I enjoyed his many examples and the colorful language he used in a simile: "I felt like a...bamboozled cheese."


He very much pursuaded me to stay in my happy middle-class food district out of the $245 person meals of the higher up.


Pardon me while I go find a cheeseburger.

Wednesday, October 12, 2011

A Quiet Life

Maybe we've gotten it wrong all along. Maybe they do have it better than we, we the hearing.

In Mrs. Fortune's class freshman year, we went around the room stating which of the five senses we would give up if we had to. Thirty students: not one said hearing.

We find so much enjoyment in the music, the conversation, the ambience of life.
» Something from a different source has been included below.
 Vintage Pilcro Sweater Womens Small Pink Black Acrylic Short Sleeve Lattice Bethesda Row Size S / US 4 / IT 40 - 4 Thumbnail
But how many times have we complained about a music station we don't like, a person who babbles incessantly, a thunderstorm that kept us awake at night? How many times have we wished away a semi's belting honk or a fire alarm's eerie buzz? How often have we escaped from a crowd into a deserted room just for a moment of silence?

We resent those noisy, distasteful places that blare fuzzy, awful songs from terrible speakers; we wear noise-blocking headphones to escape the constant whir of machinery. We wish we could get those irritatingly catchy, reproachful songs from our heads (how often do we wish to heavens we had never heard "Friday"?).
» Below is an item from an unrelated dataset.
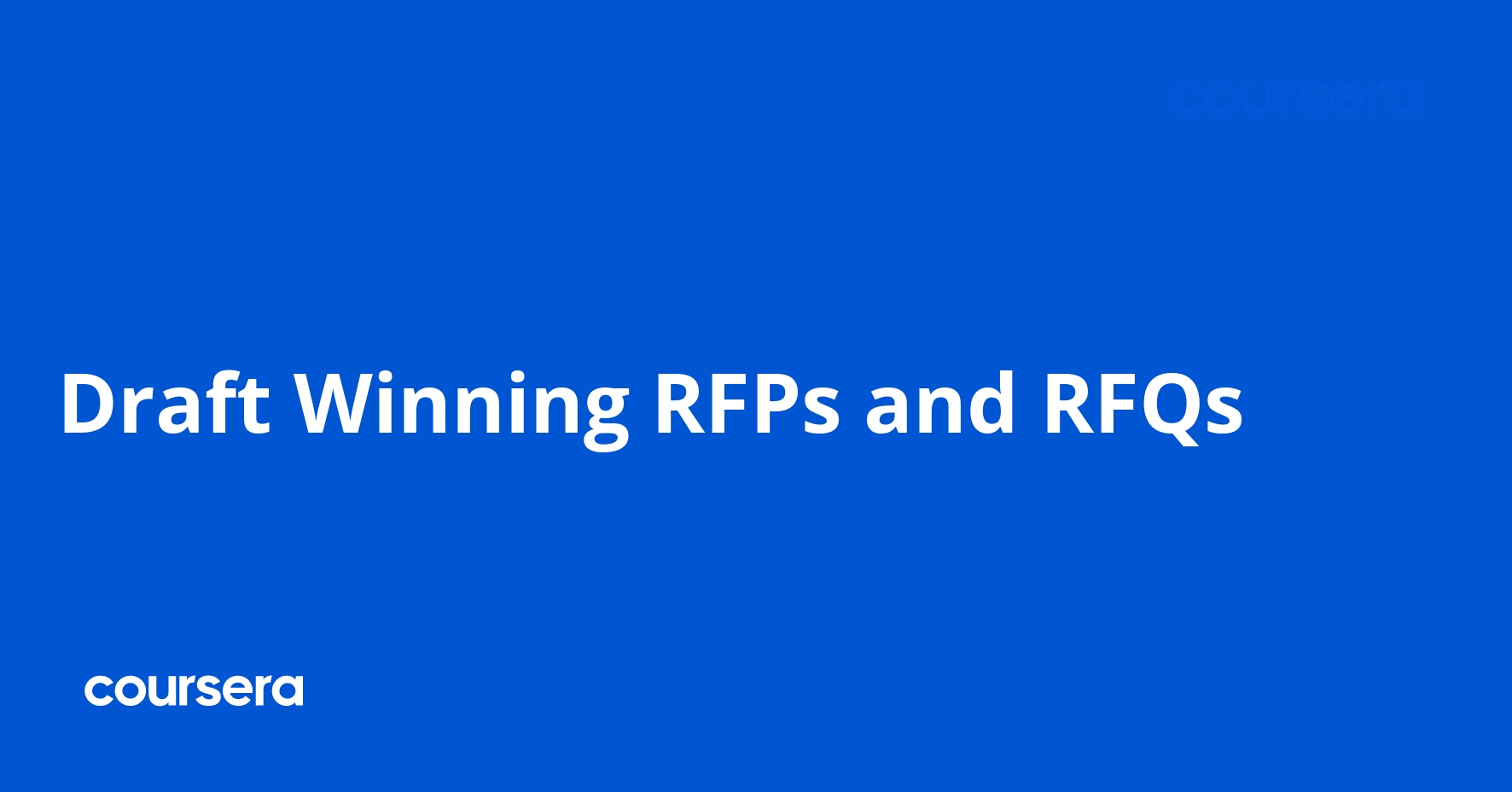 Draft Winning RFPs and RFQs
A "disabled" deaf person has none of these complaints. No air horn surprises, no dreadful child's wails, no horrific explitives.

It's so quiet, so peaceful to imagine what life must be like for the deaf.

Tuesday, October 4, 2011

Don't Trust Them!

They call them man's best friend. They call them lovable, adorable, furry.

I think they're awful.

Maybe it isn't fear--maybe it's grown more into a hatred, a loathing vengeance against perhaps innocent canines--but they're awful nonetheless.
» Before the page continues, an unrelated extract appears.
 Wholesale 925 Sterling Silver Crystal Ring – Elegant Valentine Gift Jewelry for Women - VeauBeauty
I must have been only six or seven years old. My father brought home a puppy, a Shiba Inu. Adorable! Its little brown eyes gazed from a fuzzy, striped black-and-white face. But it was only a demon in disguise.

Not long after it manipulated its way into our home, it began ravaging us tenants with its fits of barking, its snarls, its hungry eyes. I shall never forget the way its nose curled up like bunching fabric caught in a sewing machine, the way its eyes glared out at anyone, everyone!

It was hard enough living with a demon, but no one warned me that they bite.

I came home to find that my gum--my lovely, sweet BubbleTape still in the pink case--was stolen from its countertop home. Dakota, I thought with clenched teeth, heading for said beast's cage. I've no idea how the little monster reached my gum as he was no taller than my knee, but I saw the flash of pink cradled within his paws.

Like any candy-craving seven-year-old, I angrily reached in to grab my chewing joy.

But it bit me. The demon bit me. My hand, penetrated in three pale dents where its teeth had gripped, throbbed and faded like an Icy-Hot.

My father, ever the disliker of animals, came to my aid and went for the beast, but it bit his thumb harder--I still remember the blood ebbing from his thumb into the sink.

That demon was put down soon after, and thank heavens we had it so for it might have eaten me had it been given the chance.

So now I see those little monstrosities, those ones every person likes to coo at, and I twinge in repulse. Some find it amusing to place their animal in my face, those slobbering cheeks dripping like a broken hose, and I can only feel a mix of fear, horror, and need for revenge.

Only recently have I begun to heal from this fear. Only a few times in my life have I ever been able to trust a canine enough to pet its shaggy head. Maybe one day I'll forgive them. But I still see those snarling eyes.